■ **INFORMATION SUPPLIED**
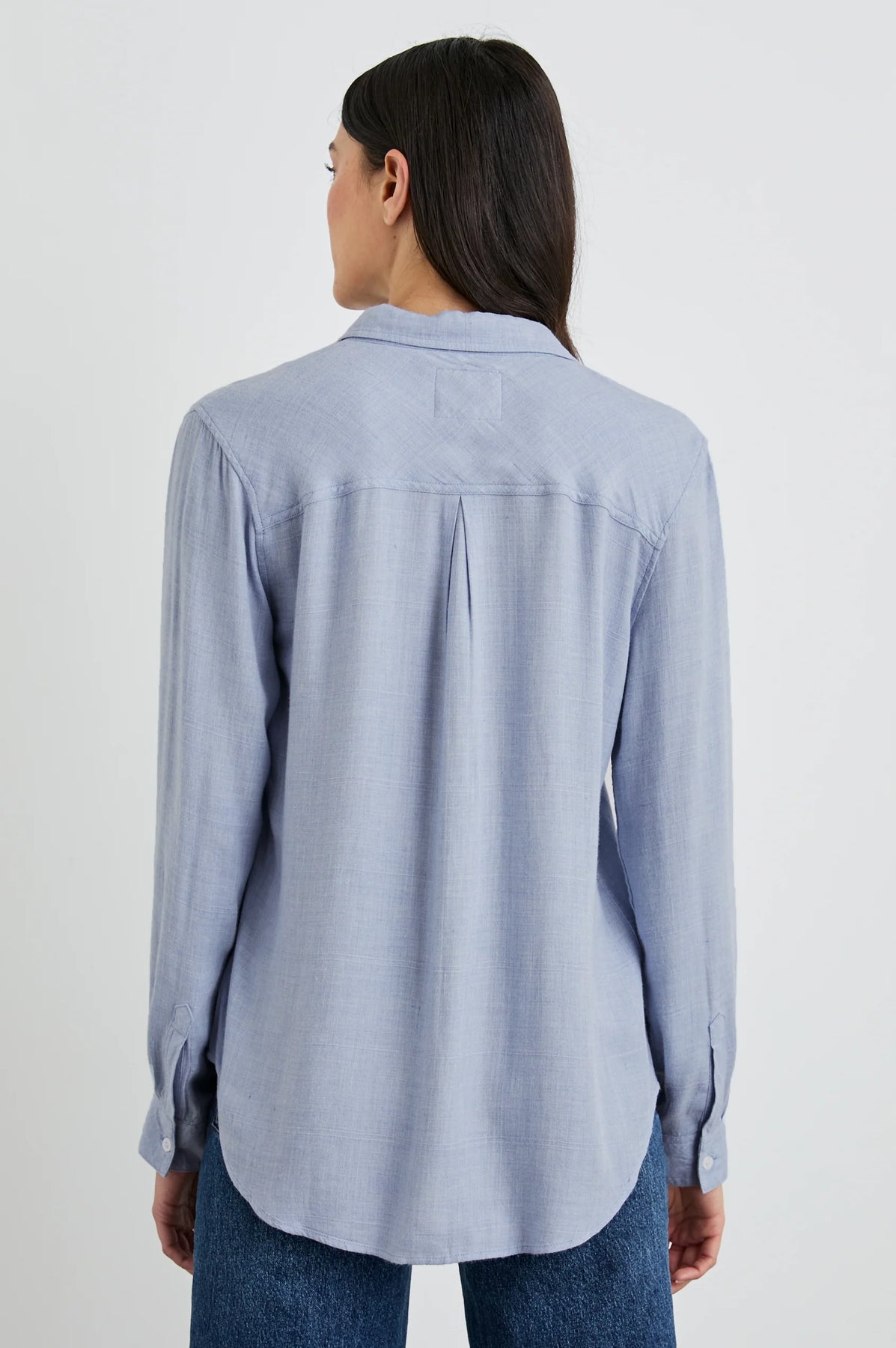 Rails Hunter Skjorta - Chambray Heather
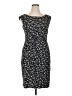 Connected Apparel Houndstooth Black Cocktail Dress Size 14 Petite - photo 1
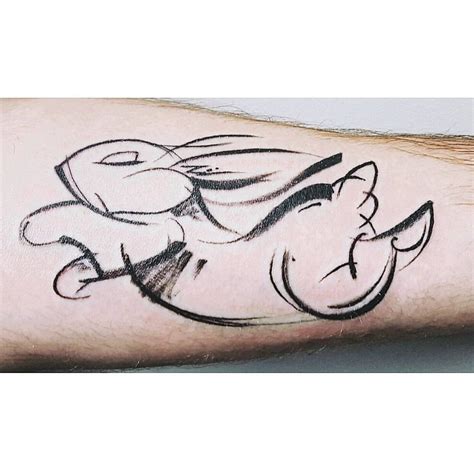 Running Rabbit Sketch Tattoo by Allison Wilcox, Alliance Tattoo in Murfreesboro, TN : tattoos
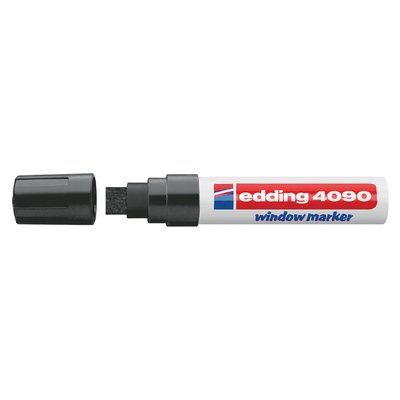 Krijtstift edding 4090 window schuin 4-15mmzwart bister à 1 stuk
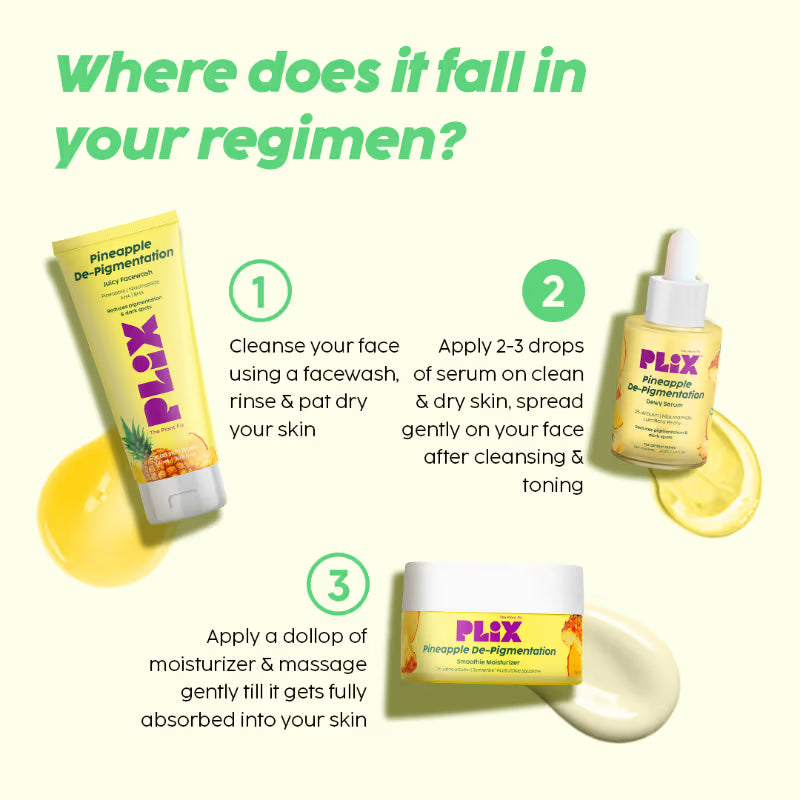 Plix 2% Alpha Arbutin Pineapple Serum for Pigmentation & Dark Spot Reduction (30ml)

■ **REQUIRED WORK**
An exact copy of the entries, minus the pictures, is what's needed here.

■ **SOLUTION FOR THIS PROBLEM**
 Rails Hunter Skjorta - Chambray Heather
 Connected Apparel Houndstooth Black Cocktail Dress Size 14 Petite - photo 1
 Running Rabbit Sketch Tattoo by Allison Wilcox, Alliance Tattoo in Murfreesboro, TN : tattoos
 Krijtstift edding 4090 window schuin 4-15mmzwart bister à 1 stuk
 Plix 2% Alpha Arbutin Pineapple Serum for Pigmentation & Dark Spot Reduction (30ml)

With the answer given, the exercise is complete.